I would guess cherry, from the bark. Quick way to check is to take a chunk out with an axe or hatchet. Cherry wood has a very distinct smell.


----------



## kennertree (Mar 23, 2008)

Dadatwins said:


> I would guess cherry, from the bark. Quick way to check is to take a chunk out with an axe or hatchet. Cherry wood has a very distinct smell.



I like the smell it makes when chipping it.


----------



## JeffL (Mar 23, 2008)

kennertree said:


> I like the smell it makes when chipping it.



Same!

I'm going to guess cherry as well.


----------



## retoid (Mar 23, 2008)

Nope didnt cut it down. It seems like it was recently blown down from our seasonal winter winds. Had to have been very recent since nothing is growing on it and there arent any leaves on it.

I am heading out to cut a thin round. I will post up a picture in a bit.


----------



## retoid (Mar 23, 2008)

Just cut a small piece and it smells kind of sweet and does not smell like the other birch tree's that grow everywhere here.
It is kind of odd to find this tree out here in the woods. I've walked around the woods observing tree's alot and this is the first one I have seen like it.


----------



## OLD CHIPMONK (Mar 23, 2008)

Looks like some kind of Cherry ?


----------



## retoid (Mar 23, 2008)

hmm, since there is no foliage present how can I better identify this tree?


----------



## retoid (Mar 23, 2008)

After looking at several pictures of cherry tree bark it definitely looks like cherry. But wow I have never seen a cherry tree so big!
Is that normal?
Or maybe a black birch?

What are some good uses for this tree?


----------



## buzz sawyer (Mar 23, 2008)

Without foliage, it would be difficult - are there any similar trees nearby? You could wait till the leaves come out.
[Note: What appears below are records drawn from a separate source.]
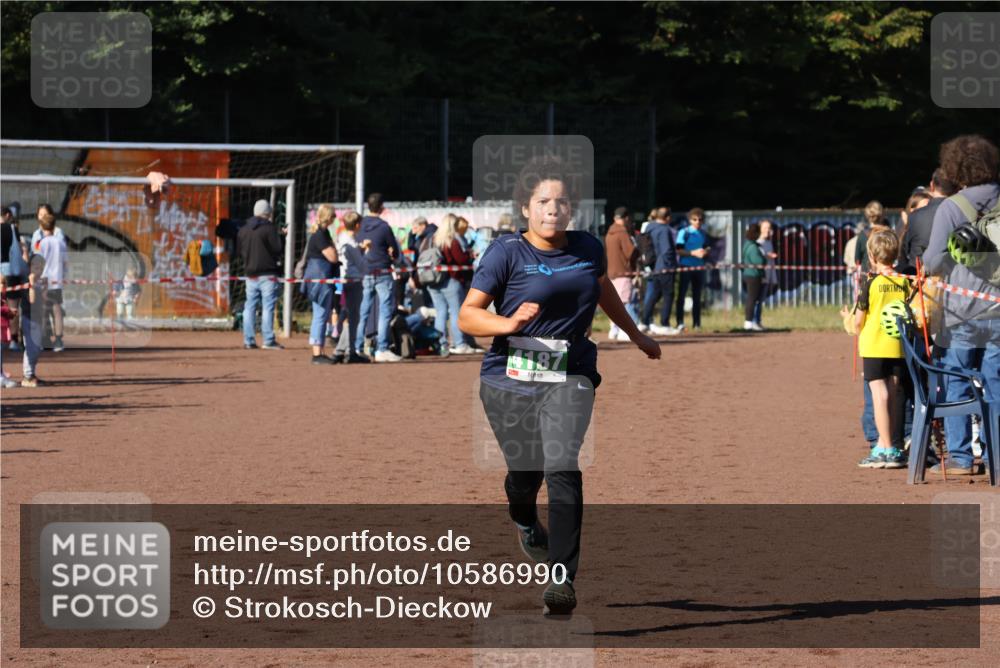 27.09.2026 - 35. Volkslauf durch das schöne Alstertal Strokosch-Dieckow http://msf.ph/oto/10586990 27.09.2026 10:56:41 Ziel 4187 meine-sportfotos.de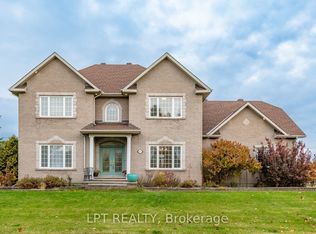 5440 Wadell Ct, Ottawa, ON K4M1L3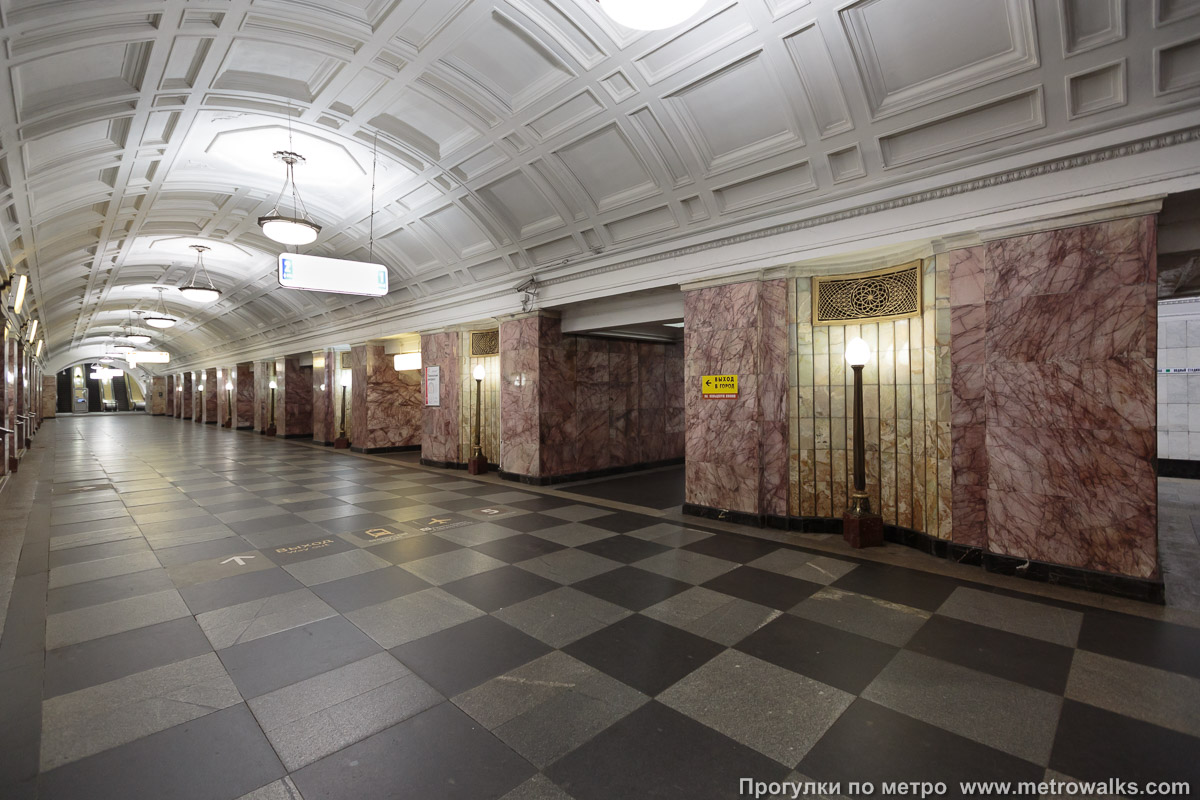 Фотография станции Белорусская (Замоскворецкая линия, Москва). Вид по диагонали.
Looks like a sour cherry to me - prunnis avium. Just cut and split some last Fall. The bark was about 1/4" thick and really bound the log together - made it very tough splitting till I slit around the bark with the saw. Also looks similar to water birch - Betula occidentalis. Cherry would have the sweeter smell, but not as pronounced as black cherry. Still makes good firewood.


----------



## retoid (Mar 23, 2008)

buzz sawyer said:


> Without foliage, it would be difficult - are there any similar trees nearby? You could wait till the leaves come out.
> 
> Looks like a sour cherry to me - prunnis avium. Just cut and split some last Fall. The bark was about 1/4" thick and really bound the log together - made it very tough splitting till I slit around the bark with the saw. Also looks similar to water birch - Betula occidentalis. Cherry would have the sweeter smell, but not as pronounced as black cherry. Still makes good firewood.



Well, it was ripped from its roots from the wind. I doubt it will produce leaves. From the look of the bark and outer layer of the wood, I would guess it fell last year.
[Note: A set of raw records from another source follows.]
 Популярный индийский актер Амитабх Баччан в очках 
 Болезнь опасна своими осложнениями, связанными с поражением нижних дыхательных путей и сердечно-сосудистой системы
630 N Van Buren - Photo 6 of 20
I am very curious about it though as there are no other tree's like it, not even close.
It also seems that most cherry tree's do not grow so straight and long making me guess its beech related.


----------



## buzz sawyer (Mar 23, 2008)

retoid said:


> It also seems that most cherry tree's do not grow so straight and long making me guess its beech related.
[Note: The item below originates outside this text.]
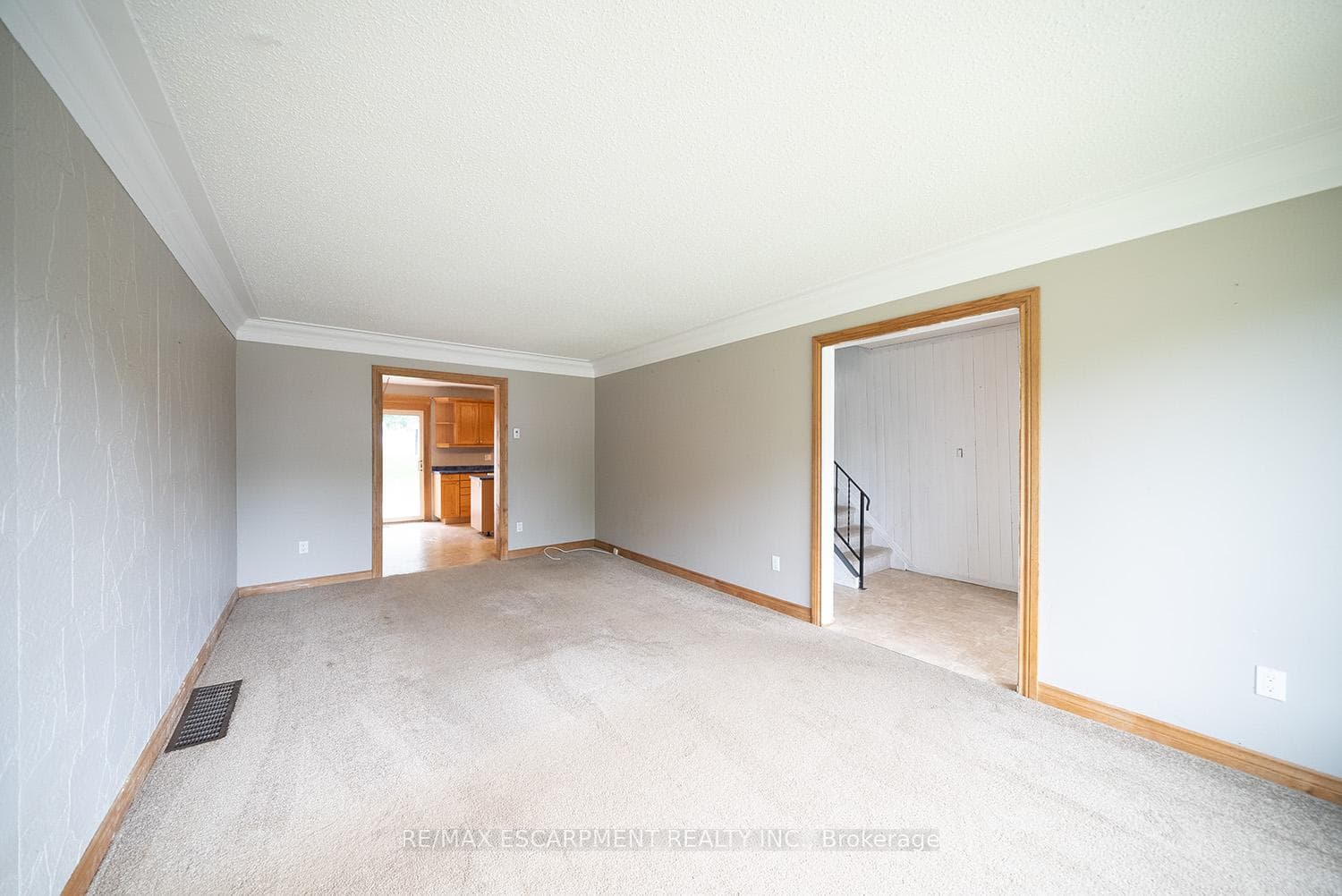 137 Henry Street Unit B photo 7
Yeah, I noticed how straight it was. Made me think twice about cherry but that could be influenced by how thickly wooded the area was as it grew. Does the bark come off like thick, heavy cardboard? In the first cut photo, the wood looks fairly whitish, but the second is more reddish, like cherry.


----------



## buzz sawyer (Mar 23, 2008)

TreeCo said:


> My guess is that it is a sargent cherry that has escaped cultivation.
> 
> http://www.shuttermoments.ca/articles/sakura/cherryguide.htm
> 
> ...



Sounds like a winner, TreeCo!


----------



## retoid (Mar 24, 2008)

Hmm definitely a good description but still hard to say for sure.

Today I am going to go cut another piece off from the base of the tree instead of from a trunk.

I ripped some of the bark off of the smaller piece I cut yesterday and most of it came off fairly thin. About 1 mm thick. I am not very knowledgeable about tree's but it seemed like there is an outer layer of stronger skin like bark and beneath that is another layer of softer thicker bark about 1/8" thick.

I will have more pics of the larger cut later on today.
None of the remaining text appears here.